Living around someone with a high exasper-rate can be, well, exasperating. To someone with a high exasper-rate you’re only as good as your last mistake.
Still, people with a high exasper-rate aren’t always exasperating. They can be exhilarating if you’re exasperated about the same things. They’re high exasper-rate can be contagious. They say “I’m mad as hell and I’m not going to take it any more!” And you say “Yeah, come to think of it, he’s right.”
Then you can be exasperated together which can become a satisfying pastime, a cliquish lifestyle, or in some cases, a virtuous crusade or a apocalyptic mob. Not all ways of expressing exasperation are equally gentle.
And yet all forms of expressing exasperation have their place, even legions of exasperated people taking to the streets weapons in hand, to overthrow or kill—there are times when even that expression of exasperation is appropriate. Think Egypt.
That they all have their place means we should concentrate most of our moral attention on tuning our exasperations carefully to circumstances.
Unfortunately, and exasperatingly we tend to dissipate most of our moral attention on pretend universal bans on one or all forms of exasperation.
“Don’t interrupt” is a good example. There are times when we want and request the space to talk extendedly. But it’s different when people snap in a high-minded exasperated tone “Don’t interrupt” as if to say, “There is a universal moral code banning interruption. The fact that you interrupt is further and conclusive evidence that you are immoral.” Ask any movie director—realistic dialogue is full of interruptions. There’s no ban on interruption and the person who asserts that there is, has probably been known to interrupt too.
Don’t be snarky, name-calling, disrespectful, uncaring, eye rolling, impolite—the list goes on--a bootless effort to eradicate exasperation.
Which is not going to happen. Exasperation finds expression.

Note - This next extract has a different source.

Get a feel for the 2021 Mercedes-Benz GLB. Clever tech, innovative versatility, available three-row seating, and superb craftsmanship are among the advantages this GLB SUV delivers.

Which is not to say feel free to get exasperated any time you want, but rather is an argument that we should all get off our high horses long enough to pay attention to what gets us on them, and what should get us on them--how fast we mount and dismount them. Pay attention to your exasper-rate not because you want it to approach zero, but because you want to feel wronged by the right things, not the wrong ones.